Adrian mostrando um de seus saltos favoritos. (Foto: Chico Peixoto/LeiaJáImagens)
Crianças, homens mais velhos, adolescentes e algumas mulheres entram na brincadeira e dividem espaço com os barqueiros que naquele mesmo local atracam os barcos e jangadas para atravessar principalmente os turistas ao lado outro lado do rio, no Parque das Esculturas Francisco Brennand. Para Adrian, os mergulhos profundos, os saltos quase nunca ensaiados e o contato com a água são parte de sua rotina e uma das únicas opções de lazer dele e de seus amigos. “Onde eu moro é muito violento, minha mãe está tentando se mudar de lá, mas a gente não pode brincar lá por enquanto”, confessa.
O Marco Zero é parte principal do roteiro de Adrian desde os nove anos. Ele mora com cinco irmãos, a mãe, vendedora de coxinha, e o pai, serralheiro. Faça sol ou chuva, o garoto não dispensa os saltos no rio e as partidas de futebol em pleno centro do Marco Zero. “Se eu pudesse estava aqui todos os dias, mesmo já tendo me machucado com um bicho, acho que o nome é água viva. Me queimou muito. Mas, já tentei mergulhar em uma piscina de verdade no Sport, só que o vigia botou a gente pra fora porque pulamos o muro. Aqui é mar aberto e mesmo com sujeira não tenho medo”, relata o adolescente que sonha em ser engenheiro ou comissário de bordo.
Quem passa com frequência pela praça que marca o local onde nasceu a cidade já deve ter visto crianças pulando no rio. É comum e já se tornou uma atração à parte no local. Turistas pedem para bater fotos e eles posam para as fotografias, um desafiando o outro. Mas, a brincadeira das crianças é ameaçada pelos agentes de segurança pública da capital. De acordo com Adrian, ele e seu grupo já foi retirado do local em várias ocasiões, até por homens fardados como sendo do Exército Brasileiro.
“A gente só fica aqui pulando e até os barqueiros são amigos. Mas os homens chegam gritando aqui e mandando a gente ir embora. Já levei uns tapas e até spray de pimenta já jogaram na gente. Tia, queria que tu filmasse um dia”, conta Adrian entre um pulo e outro.
Os amigos e moradores da comunidade do Coque jogam uma partida de futebol no Marco Zero. (Foto: Chico Peixoto/LeiaJáImagens)
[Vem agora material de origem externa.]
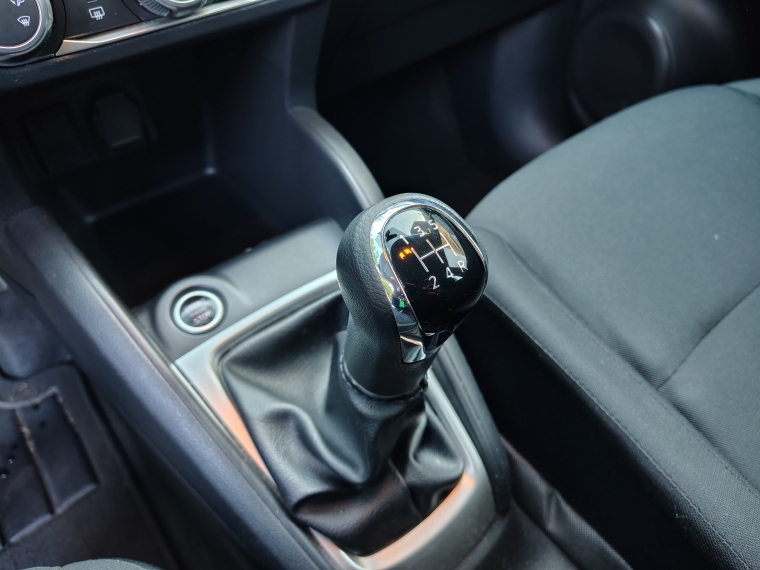 Nissan Kicks 1.6  Sense  Mt 2023 Usado  Usado en Kovacs Usados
Praticar esportes se tornou um hábito de fuga da rotina cansativa do estudante Rodrigo Lima, de 18 anos. A poucos metros de Adrian, o jovem sobe em seu skate e faz manobras típicas de iniciantes, mas das quais se orgulha. Desde 2015, ele pratica o esporte no centro do Recife, mais especificamente na praça do Marco Zero, onde consegue reunir amigos e entusiastas do skate de rua.
Negro e periférico, Rodrigo diz que a prática do esporte é proibida na praça e já sofreu diversas intimidações, abordagens com ‘baculejo’ e ordens de sair com seu grupo do local. “Os policiais só focam no grupo que está andando de skate, isso é puro preconceito e racismo porque a gente não fica fazendo bagunça, treinamos e nos divertimos”, lamenta o estudante.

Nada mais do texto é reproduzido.